EXCERPTED RECORDS
╔══

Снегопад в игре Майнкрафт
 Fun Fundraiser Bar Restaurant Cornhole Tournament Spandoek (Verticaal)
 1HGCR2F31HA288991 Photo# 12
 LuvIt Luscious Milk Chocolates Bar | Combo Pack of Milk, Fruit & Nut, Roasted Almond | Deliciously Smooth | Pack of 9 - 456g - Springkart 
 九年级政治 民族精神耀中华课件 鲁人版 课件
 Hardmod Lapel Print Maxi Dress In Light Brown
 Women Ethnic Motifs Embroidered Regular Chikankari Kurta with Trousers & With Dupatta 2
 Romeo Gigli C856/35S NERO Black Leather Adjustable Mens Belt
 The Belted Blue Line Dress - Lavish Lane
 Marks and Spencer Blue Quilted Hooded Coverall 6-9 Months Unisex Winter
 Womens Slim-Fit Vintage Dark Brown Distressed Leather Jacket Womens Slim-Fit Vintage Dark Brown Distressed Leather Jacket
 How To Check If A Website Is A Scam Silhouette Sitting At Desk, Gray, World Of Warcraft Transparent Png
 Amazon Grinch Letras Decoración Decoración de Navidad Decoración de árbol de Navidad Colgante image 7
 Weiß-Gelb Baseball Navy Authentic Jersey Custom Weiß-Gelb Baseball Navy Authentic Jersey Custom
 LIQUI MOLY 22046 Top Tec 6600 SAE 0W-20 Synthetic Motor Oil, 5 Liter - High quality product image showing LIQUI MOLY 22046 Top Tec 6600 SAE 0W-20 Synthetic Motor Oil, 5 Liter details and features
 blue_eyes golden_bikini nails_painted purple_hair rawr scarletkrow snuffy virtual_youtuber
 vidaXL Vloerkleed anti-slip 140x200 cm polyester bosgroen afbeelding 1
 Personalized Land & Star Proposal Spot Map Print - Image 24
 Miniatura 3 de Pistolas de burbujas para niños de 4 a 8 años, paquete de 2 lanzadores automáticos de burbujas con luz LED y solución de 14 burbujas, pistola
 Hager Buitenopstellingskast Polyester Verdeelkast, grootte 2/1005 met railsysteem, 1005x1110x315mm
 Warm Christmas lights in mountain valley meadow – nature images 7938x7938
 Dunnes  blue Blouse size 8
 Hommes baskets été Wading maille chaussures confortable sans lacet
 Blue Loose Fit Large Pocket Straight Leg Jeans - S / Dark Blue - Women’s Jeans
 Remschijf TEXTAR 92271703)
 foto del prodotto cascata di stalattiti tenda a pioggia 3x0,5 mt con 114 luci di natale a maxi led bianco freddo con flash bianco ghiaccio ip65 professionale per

╚══

PROBLEM DESCRIPTION
What you write must be the entries restated word for word, from the opening line through the one holding "Miniatura 3 de", with nothing else.

PROBLEM SOLUTION
Снегопад в игре Майнкрафт
 Fun Fundraiser Bar Restaurant Cornhole Tournament Spandoek (Verticaal)
 1HGCR2F31HA288991 Photo# 12
 LuvIt Luscious Milk Chocolates Bar | Combo Pack of Milk, Fruit & Nut, Roasted Almond | Deliciously Smooth | Pack of 9 - 456g - Springkart 
 九年级政治 民族精神耀中华课件 鲁人版 课件
 Hardmod Lapel Print Maxi Dress In Light Brown
 Women Ethnic Motifs Embroidered Regular Chikankari Kurta with Trousers & With Dupatta 2
 Romeo Gigli C856/35S NERO Black Leather Adjustable Mens Belt
 The Belted Blue Line Dress - Lavish Lane
 Marks and Spencer Blue Quilted Hooded Coverall 6-9 Months Unisex Winter
 Womens Slim-Fit Vintage Dark Brown Distressed Leather Jacket Womens Slim-Fit Vintage Dark Brown Distressed Leather Jacket
 How To Check If A Website Is A Scam Silhouette Sitting At Desk, Gray, World Of Warcraft Transparent Png
 Amazon Grinch Letras Decoración Decoración de Navidad Decoración de árbol de Navidad Colgante image 7
 Weiß-Gelb Baseball Navy Authentic Jersey Custom Weiß-Gelb Baseball Navy Authentic Jersey Custom
 LIQUI MOLY 22046 Top Tec 6600 SAE 0W-20 Synthetic Motor Oil, 5 Liter - High quality product image showing LIQUI MOLY 22046 Top Tec 6600 SAE 0W-20 Synthetic Motor Oil, 5 Liter details and features
 blue_eyes golden_bikini nails_painted purple_hair rawr scarletkrow snuffy virtual_youtuber
 vidaXL Vloerkleed anti-slip 140x200 cm polyester bosgroen afbeelding 1
 Personalized Land & Star Proposal Spot Map Print - Image 24
 Miniatura 3 de Pistolas de burbujas para niños de 4 a 8 años, paquete de 2 lanzadores automáticos de burbujas con luz LED y solución de 14 burbujas, pistola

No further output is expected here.